NORWOOD, Ohio -- Two Norwood students sit next to each other, reading the same news article but with slightly different wording. This type of reading lesson has become increasingly common over the past couple years, thanks to Newsela.
Created in 2013, Newsela is an education technology startup in the form of a news website for students in second through 12th grades. Through partners such as the Associated Press, The Washington Post and The Guardian, it keeps kids abreast of current events while also providing individualized reading lessons.
“I think by using current events in the classroom, those are appealing to students,” said Kristina Chesson, curriculum director for Norwood City Schools.
Articles are written in five different levels of complexity that can be altered with a click of a button. The varied levels allow students in the same class to read the same information tailored to their abilities.
“It can kind of help differentiate for that student and get them the things that they need personally to succeed,” said Stacey Jones, who teaches English and journalism at Ross High School.
Designed to align with Common Core, Newsela provides students not only non-fiction reading assignments, but quizzes and writing prompts to test their comprehension.
“According to Ohio curriculum I need to get students not only reading but critically thinking about a text, talking about a text, analyzing a text and then writing about that,” Jones said. “It really offers a lot of test prep as well as meeting those ninth-grade, or whatever-grade standards.”
Giving students a Newsela assignment also allows teachers to take time to work with students one-on-one, without sacrificing learning time for the rest of the class.
“These online digital tools help to ensure productive learning is going on when teachers are working more with a small group of students,” said Natasha Adams, director of curriculum, instruction and assessment for Forest Hills Schools.
While students and teachers can use the website for free, a subscription-based version also is available. In some districts, such as Norwood, teachers independently use the free version. In Mason and Forest Hills, there’s more of a blended approach, with some teachers using the free website and others subscribing. Some districts also have subscriptions for certain buildings or grade levels.
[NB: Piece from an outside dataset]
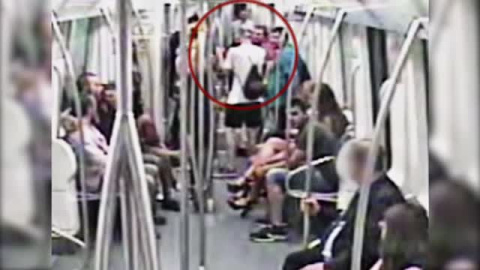 Imágenes de la paliza a un hombre en el metro de Barcelona Imágenes de la paliza a un hombre en el metro de Barcelona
District officials for Hamilton City Schools are considering purchasing a Newsela subscription for secondary students.
Whichever version of Newsela teachers are using, they generally use it as a supplement to regular instruction.
“They weave it in as they go,” Chesson said.
“It’s not a main resource,” Adams added. “It’s supplemental for us.”
Jones used the free version of the website during the 2015-16 school year, but she now takes advantage of the subscription purchased by Ross High School. One benefit to having the subscription is that she now can share assignments with students through accounts that they each have.
Students also can highlight and annotate text on their screens, to identify specific details, like the main idea of an article, she said.
One of the biggest benefits, though, is how it helps students connected with events and information from presidential elections to space exploration and archaeology.
“Getting them thinking them about the real world just beyond an English classroom has been great,” Jones said.